When Tesla released its Autopilot feature a few years ago, it didn’t take long before enthusiastic Tesla owners began pushing the feature to the limit. In fact, some of the early Autopilot videos we saw were so harrowing that Tesla was effectively forced to enact a number of safeguards around the feature. As a quick example, one video which made the rounds a few years ago featured a Tesla driver sitting in the backseat while Autopilot busied itself with the navigation.

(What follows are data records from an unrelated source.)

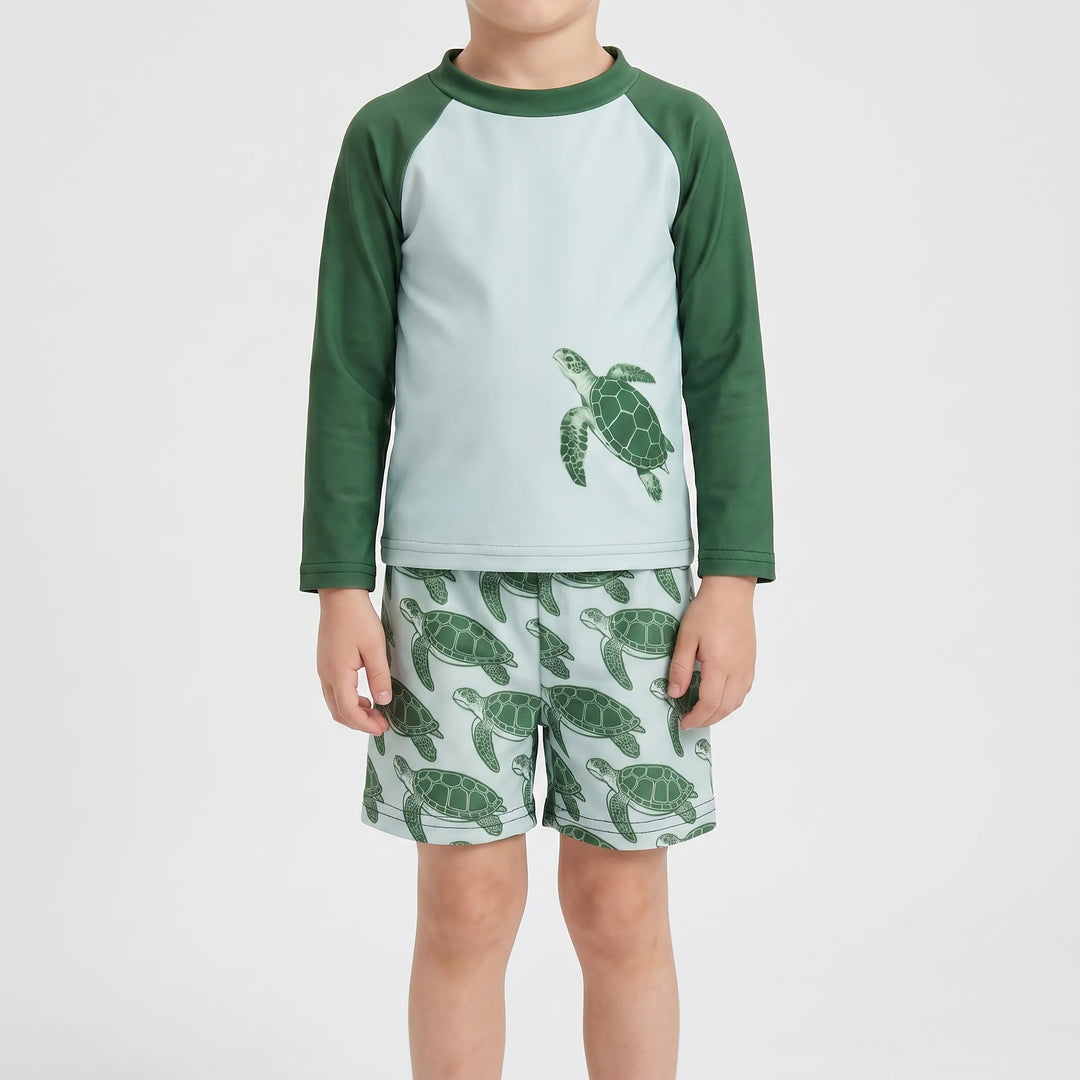 Unisex toddler long-sleeve rash guard set with tortoise print for sun protection at the beach.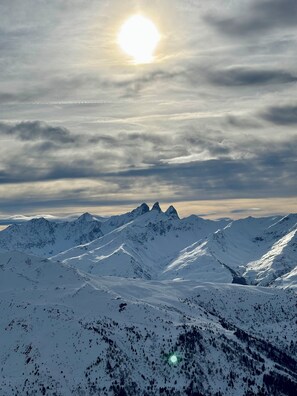 A snow-covered mountain range with a clear sky and the sun visible.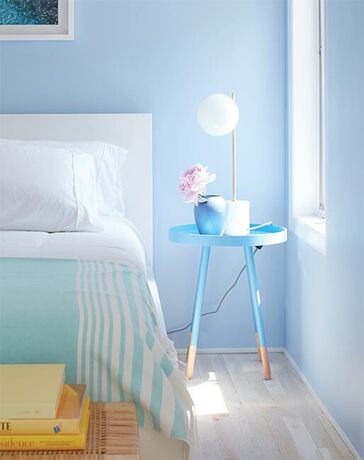 Vibrant blue bedroom with bright blue side table and white bed.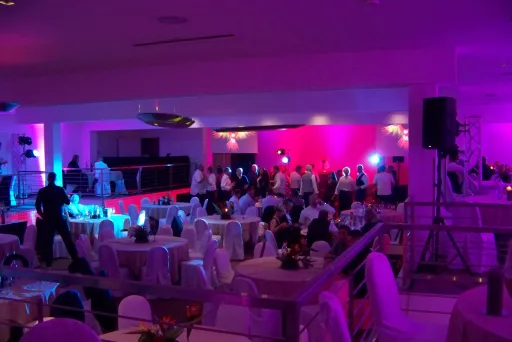 Viele Menschen sitzen an Tischen in lilanem Licht in einem großen Raum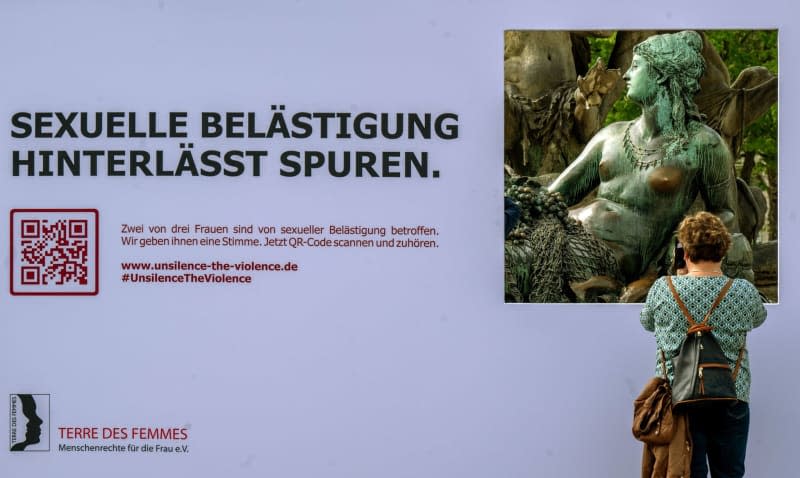 A poster erected by the Terre de Femmes organization with the inscription "Sexual harassment leaves its mark" stands in front of the female figure with a fishing net and grapes (also known as Ms. Rhine) at the Neptune Fountain. The women's rights organization sets an example against sexual harassment at well-known female bronze statues in Munich, Berlin and Bremen. Monika Skolimowska/dpa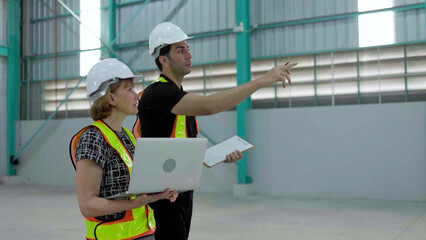 Caucasian senior female manager wearing safety vest holding laptop and male engineer walking warehouse inspection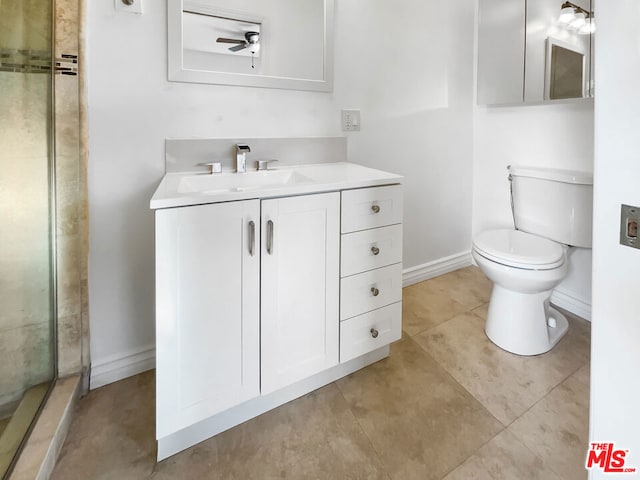 bathroom with vanity, ceiling fan, tile patterned flooring, toilet, and a shower with shower door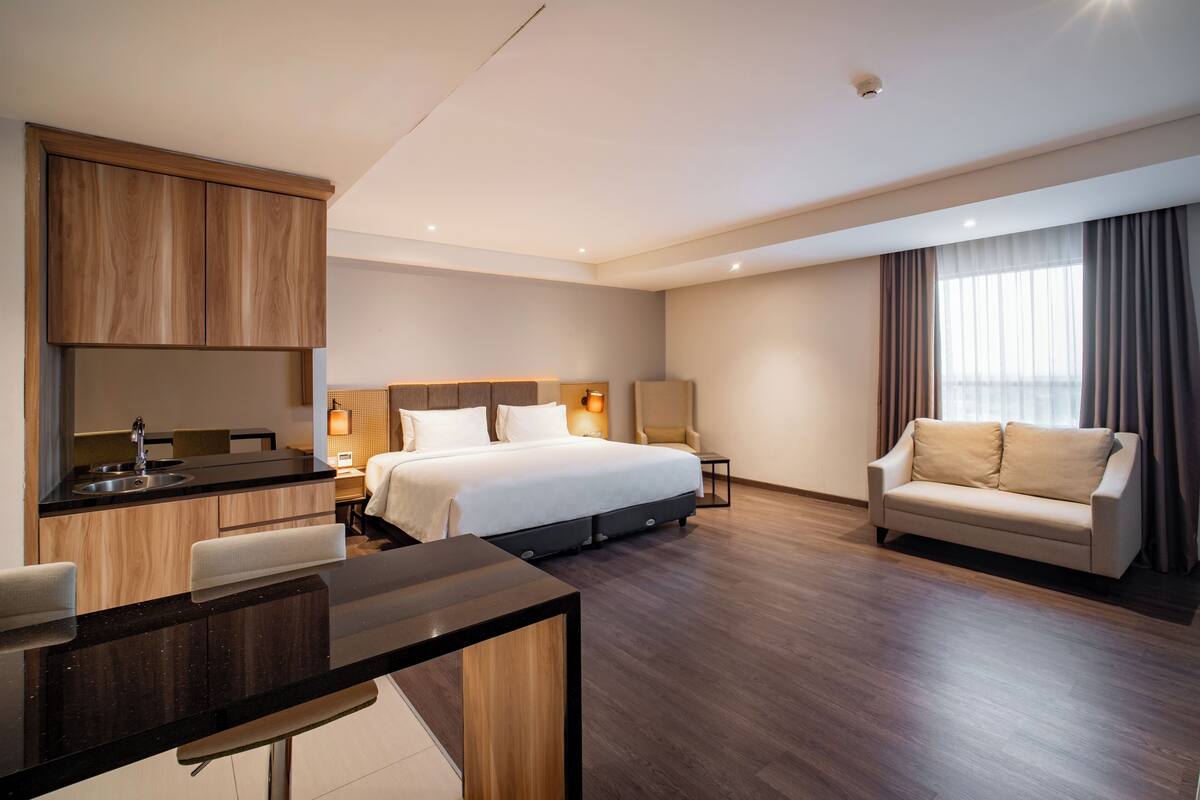 Una habitación de hotel moderna con cama, sofá, zona de comedor y kitchenette.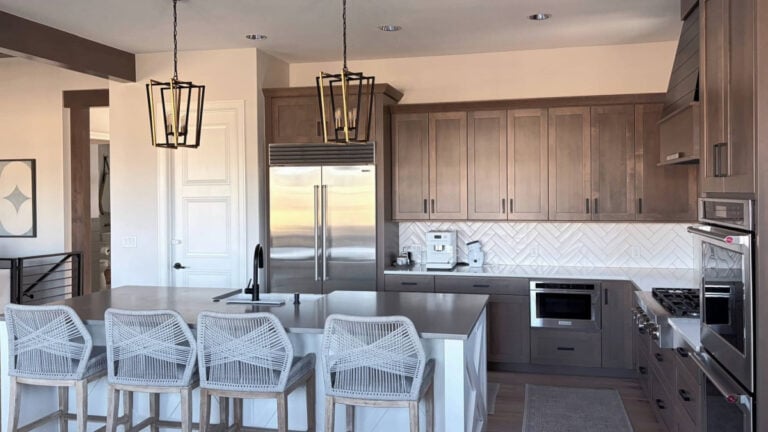 Kitchen with stained wood cabinets (maple). Drift of Mist paint color on walls with white subway tile backsplash and gray quartz.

In the years since, Tesla’s Autopilot feature has seen a few transformations. In addition to implementing a number of safeguards, Tesla in 2016 cut ties with Mobileye, an Israeli company that provided Tesla with the advanced sensors that helped form the foundation for Autopilot. With Mobileye out of the picture, Tesla began work on a second-gen iteration of Autopilot, all based on sensor technology developed in-house. Of course, with Tesla starting from scratch, the second iteration of Autopilot has not been as reliable as the first.

Tesla, though, has been working hard behind the scenes to rectify that. Earlier this year, for example, Elon Musk said that Tesla has been testing a big update to its Autopilot software and that the company has the “most advanced AI neural net of any consumer product.” What’s more, Musk boasted that a release candidate is already in final testing and that early results have been incredibly promising.

All that said, Tesla and Musk haven’t disclosed too many details about the impending update. To that end, sources claiming to be familiar with Tesla’s plans provided Electrek with some interesting details.

Sources familiar with the matter told Electrek that the only new feature is the ability of Autopilot 2.0 to detect and render on the instrument cluster vehicles driving in lanes adjacent to the lane in which the Tesla vehicle is driving.

The bigger difference is the improvements to existing Autopilot features, like Autosteer, due to a much more advanced neural net system to power the Autopilot’s computer vision.

There’s no telling when Tesla’s new Autopilot software will be released, but the good news is that it’s likely coming sooner rather than later.